The systems that exist today for utilising research results are not perfect, so expectations were high when the outcomes of the government’s innovation support commission were presented last autumn. Proposals were presented on how research from our universities can better and more quickly benefit both the public and private sectors. The report contains many good proposals, but also describes areas where further exploration is needed.
The term “utilisation” can be problematic because we don't have a common definition of it in this context. IVA therefore supports the commission’s proposal to expand the concept and define it in more detail. The common definition needs to include both export-driving discoveries and softer issues such as contributing to positive development in society. But to improve the process it is necessary to follow up and evaluate all forms of utilisation. The way in which objectives are designed is therefore critical as they need to clearly describe the desired effects.
A crucial factor in ensuring that research results and knowledge can reach out and actually be of use is to they surround them with incentives and make sure our universities have a culture that promotes utilisation and commercialisation. As yet, not all of our universities have this. Although not all research is mature enough to be utilised right away, the long-term goal must be for research to generate value for society.

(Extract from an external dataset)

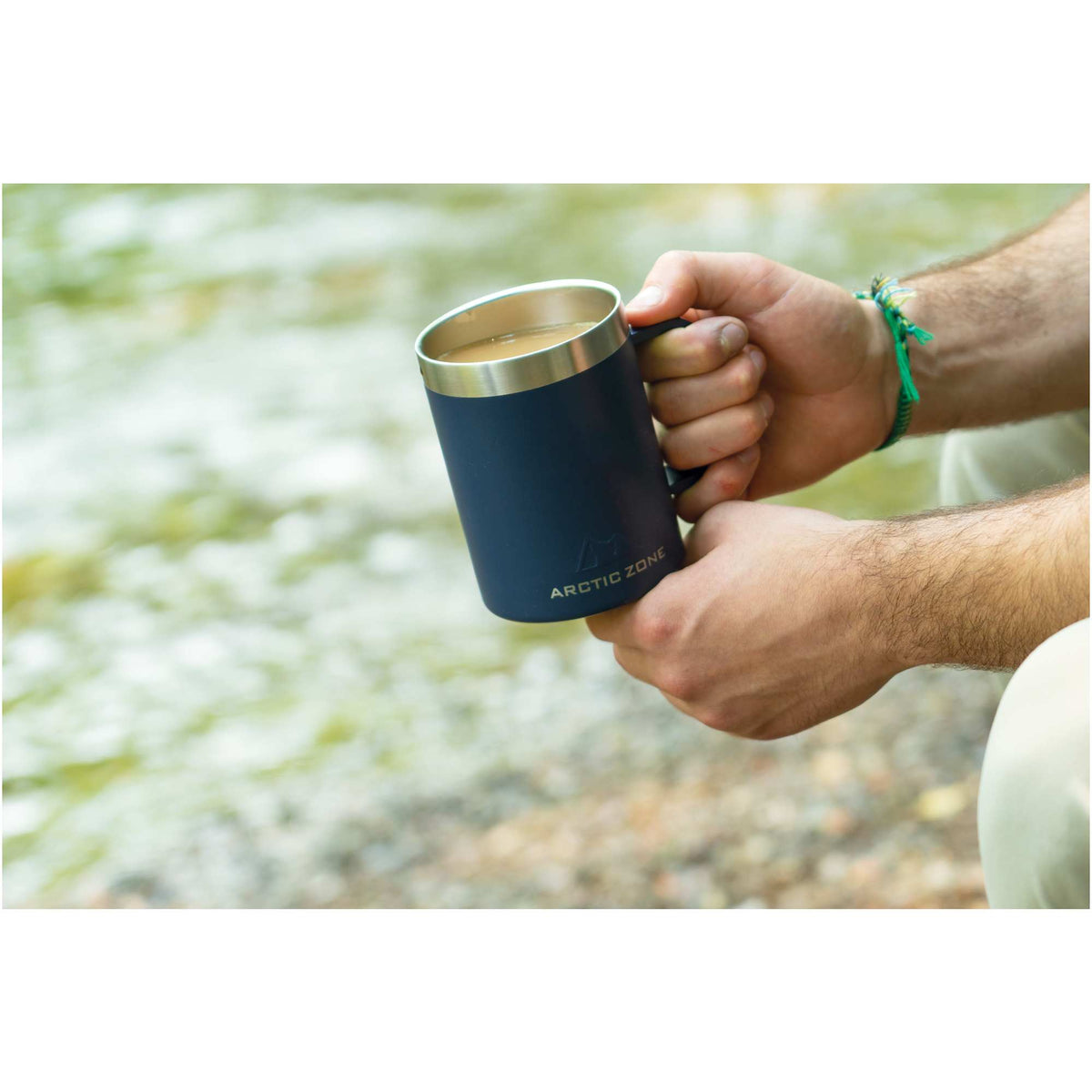 Arctic Zone Titan Thermal HP Copper Insulated Mug, 14 oz Laser Engraving - Navy - Front 3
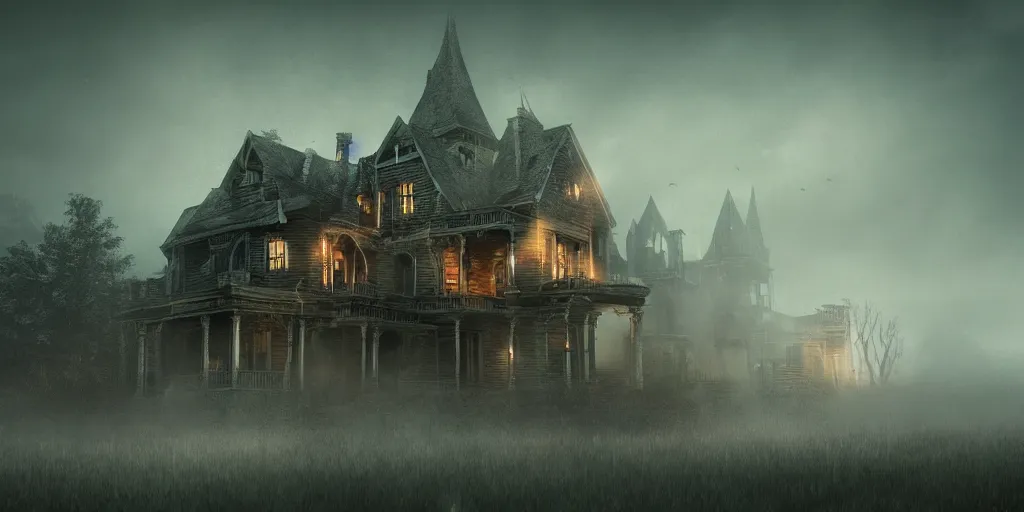 Image similar to creepy view of haunted house with many attractions, fog, rain, volumetric lighting, beautiful, golden hour, sharp focus, highly detailed, cgsociety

The way in which resources for utilisation/commercialisation of university research results are distributed is also an important factor. I don’t consider the proposal to redirect money from basic funding a solution. Basic funding is there to create a solid foundation for independent research that leads to new knowledge and, over time, to new discoveries and innovations. Universities have a responsibility to identify and present research early on that has the potential to be turned into something of actual use. Earmarked resources for these early phases give universities an incentive to start doing this. Research that achieves good results should of course be rewarded, including in terms of its utilisation/commercialisation.
The basis for effective utilisation/commercialisation is a combination of cooperation and entrepreneurship. IVA therefore welcomes the commission’s proposal regarding better advice, incubation and investments. Similarly, governance, experience, incentives, commitment and a culture of cooperation and entrepreneurship are factors of utmost importance in making innovation funding a better catalyst for research and value-creation.
Basically I have a positive view of the proposals on national coordination and knowledge dissemination. On the other hand I have my doubts about a national centre for entrepreneurship and a joint financing company. Funding for utilisation/commercialisation of fresh research results must land close to where the researchers and entrepreneurs are, and understanding the universities in question is therefore important. University holding companies and external innovation grants are important in early phases of development. Venture capital and talent are crucial in turning research-based ideas into innovation and commercialisation. I consider designing formats and structures for this part of the process to be the most important goal in further development of the Swedish innovation system.